Nash bertemu dengan Alicia Larde –kelahiran El Salvador--
di M.I.T. Alicia sudah lulus dari jurusan fisika di kampus tersebut, dan saat itu
bekerja di New York. Mereka menikah ketika Nash sedang cuti akademik 1956-1957.
Tak lama setelah menikah, Nash mengalami masalah dengan kesehatan jiwanya. Dalam biografi singkatnya untuk Panitia
Nobel (1994), Nash Jr. mengakui dirinya mengalami: “…the delusional thinking characteristic of persons who are
psychiatrically diagnosed as "schizophrenic" or "paranoid
schizophrenic".” Saat itu tahun 1959, ketika Alicia tengah mengandung
anak pertama mereka, Nash justru terpaksa mengundurkan diri dari M.I.T. dan
menjalani pengobatan di McLean Hospital dengan insulin shock therapy,
ditambah upaya menenangkan diri di Eropa selama beberapa waktu. Selanjutnya
Nash secara sengaja menjalani pengobatan di New Jersey.

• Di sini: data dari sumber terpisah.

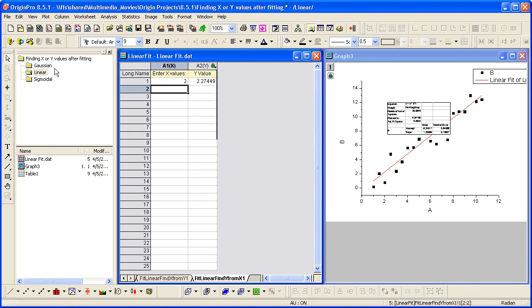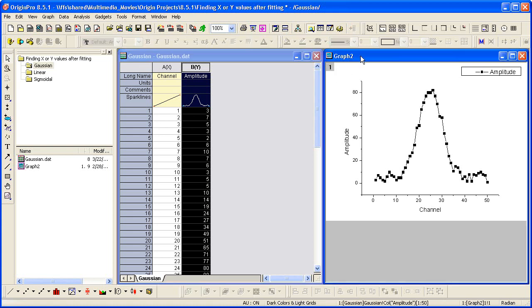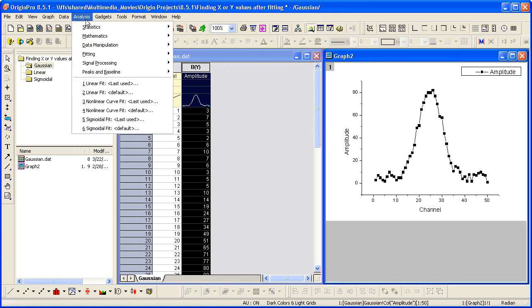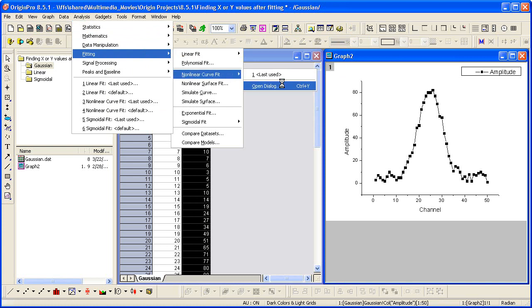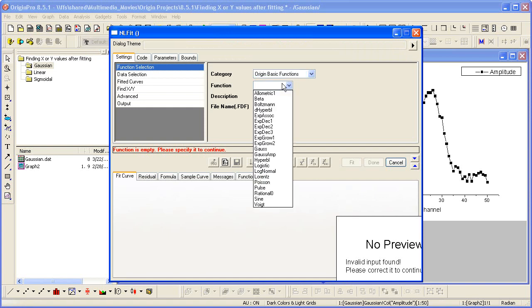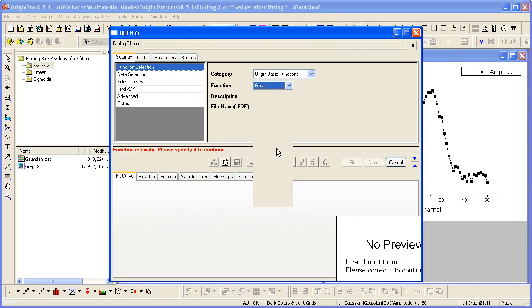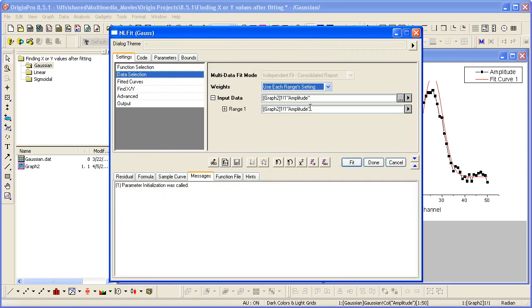Let's go ahead and look at another example. Here we have some Gaussian data. To fit this, again I'm going to start from the graph and then select analysis fitting nonlinear curve fit. In the dialog that opens, I need to choose a function. So I select Gauss as my function. Then for data selection, notice the input data is again automatically assigned as the active data plot.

Setelah cukup membaik, Nash
kembali menekuni penelitian matematika. Dia terlibat dalam beberapa penelitian:
"Le Probleme de Cauchy pour les
E'quations Differentielles d'un Fluide Generale"; "The Nash blowing-up transformation";
"Arc Structure of Singularities";
dan "Analyticity of Solutions of
Implicit Function Problems with Analytic Data." Pada dekade 1960-an,
Nash menyebut dirinya “became a person of
delusionally influenced thinking but of relatively moderate behavior,”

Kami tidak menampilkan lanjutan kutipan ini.